1

I have a Keras LSTM multitask model that performs two tasks. One is a sequence tagging task (so I predict a label per token). The other is a global classification task over the whole sequence using a CNN that is stacked on the hidden states of the LSTM.

In my setup (don't ask why) I only need the CNN task during training, but the labels it predicts have no use on the final product. So, on Keras, one can train a LSTM model without especifiying the input sequence lenght. like this:

l_input = Input(shape=(None,), dtype="int32", name=input_name)

However, if I add the CNN stacked on the LSTM hidden states I need to set a fixed sequence length for the model.

l_input = Input(shape=(timesteps_size,), dtype="int32", name=input_name)

The problem is that once I have trained the model with a fixed timestep_size I can no longer use it to predict longer sequences.

In other frameworks this is not a problem. But in Keras, I cannot get rid of the CNN and change the expected input shape of the model once it has been trained.

Here is a simplified version of the model

l_input = Input(shape=(timesteps_size,), dtype="int32")
l_embs  = Embedding(len(input.keys()), 100)(l_input)
l_blstm = Bidirectional(GRU(300, return_sequences=True))(l_embs)

# Sequential output
l_out1  = TimeDistributed(Dense(len(labels.keys()),
                                activation="softmax"))(l_blstm)


# Global output
conv1  = Conv1D( filters=5 , kernel_size=10 )( l_embs )
conv1  = Flatten()(MaxPooling1D(pool_size=2)( conv1 ))

conv2  = Conv1D( filters=5 , kernel_size=8 )( l_embs )
conv2  = Flatten()(MaxPooling1D(pool_size=2)( conv2 ))

conv   = Concatenate()( [conv1,conv2] )
conv   = Dense(50, activation="relu")(conv)
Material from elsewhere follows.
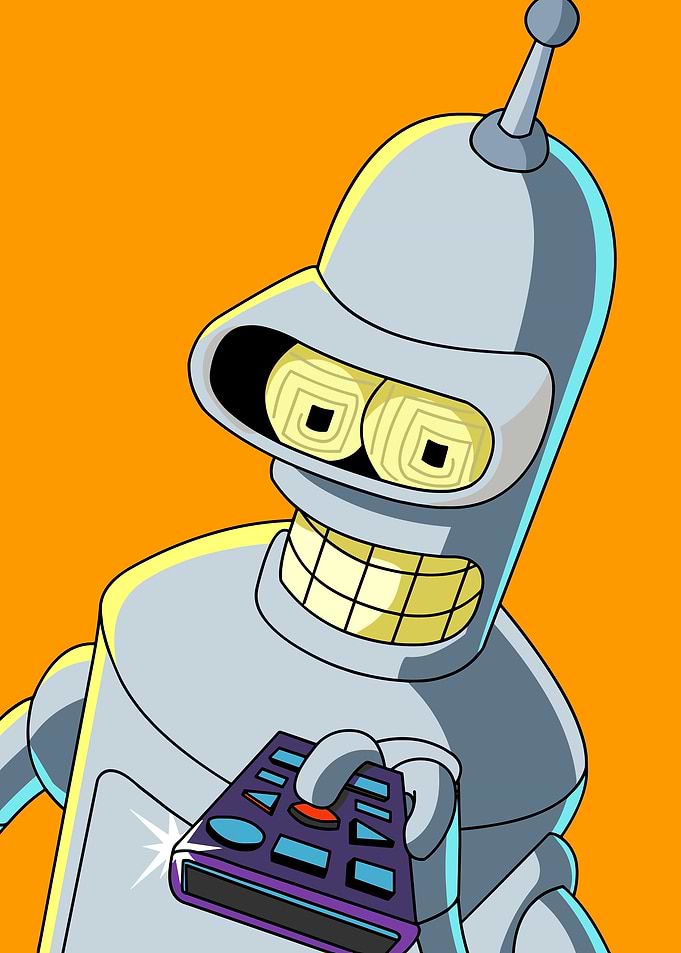 Bender from Futurama Holding Remote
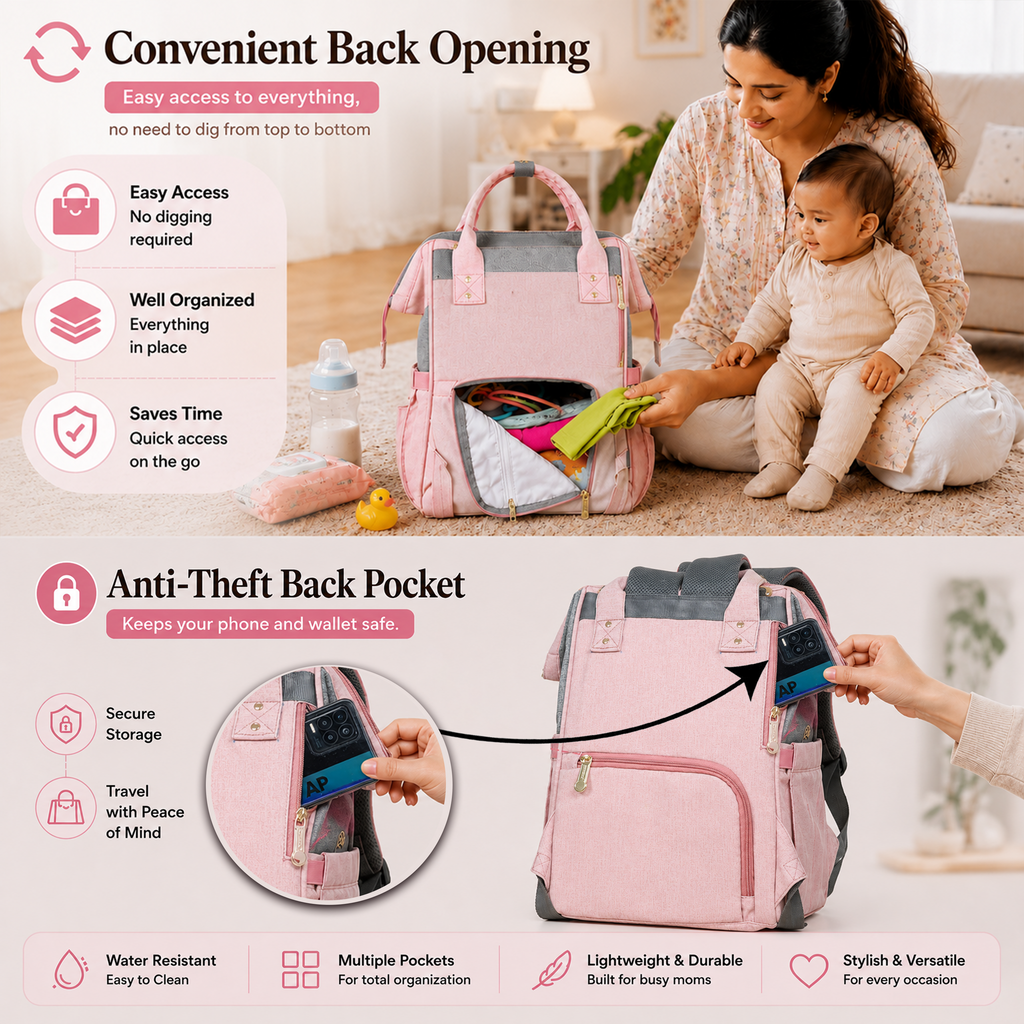 Motherly Envy Diaper Bag for Moms – Spacious, Waterproof Travel & Maternity Bag with Accessories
l_out2 = Dense( len(global_labels.keys()) ,activation='softmax')(conv)

model  = Model(input=input, output=[l_out1, l_out2])
optimizer = Adam()

model.compile(optimizer=optimizer,
              loss="categorical_crossentropy",
              metrics=["accuracy"])

I would like to know if anyone here has faced this issue, and if there are any solutions to delete layers from a model after training and, more important, how to reshape input layer sizes after training.

Thanks

Gabriel M
  • 1,486
  • 4
  • 17
  • 25
  • It is not clear how your model is structured, i.e. how the layers are connected, so it is hard to say anything. Please provide more information. – today Dec 01 '18 at 08:18
  • thanks! I have edited to include a simplified version of the model that reproduces the problem – Gabriel M Dec 01 '18 at 12:48
  • If the answer resolved your issue, kindly *accept* it by clicking on the checkmark (✔) next to the answer to mark it as "answered" - see [What should I do when someone answers my question?](https://stackoverflow.com/help/someone-answers) – today Dec 15 '18 at 06:57

1 Answers1

1

Variable timesteps length makes a problem not because of using convolution layers (actually the good thing about convolution layers is that they do not depend on the input size). Rather, using Flatten layers cause the problem here since they need an input with specified size. Instead, you can use Global Pooling layers. Further, I think stacking convolution and pooling layers on top of each other might give a better result instead of using two separate convolution layers and merging them (although this depends on the specific problem and dataset you are working on). So considering these two points it might be better to write your model like this:

# Global output
conv1 = Conv1D(filters=16, kernel_size=5)(l_embs)
conv1 = MaxPooling1D(pool_size=2)(conv1)

conv2 = Conv1D(filters=32, kernel_size=5)(conv1)
conv2 = MaxPooling1D(pool_size=2)(conv2)

gpool = GlobalAveragePooling1D()(conv2)

x = Dense(50, activation="relu")(gpool)
l_out2 = Dense(len(global_labels.keys()), activation='softmax')(x)

model  = Model(inputs=l_input, outputs=[l_out1, l_out2])

You may need to tune the number of conv+maxpool layers, number of filters, kernel size and even add dropout or batch normalization layers.

As a side note, using TimeDistributed on a Dense layer is redundant as the Dense layer is applied on the last axis.

today
  • 32,602
  • 8
  • 95
  • 115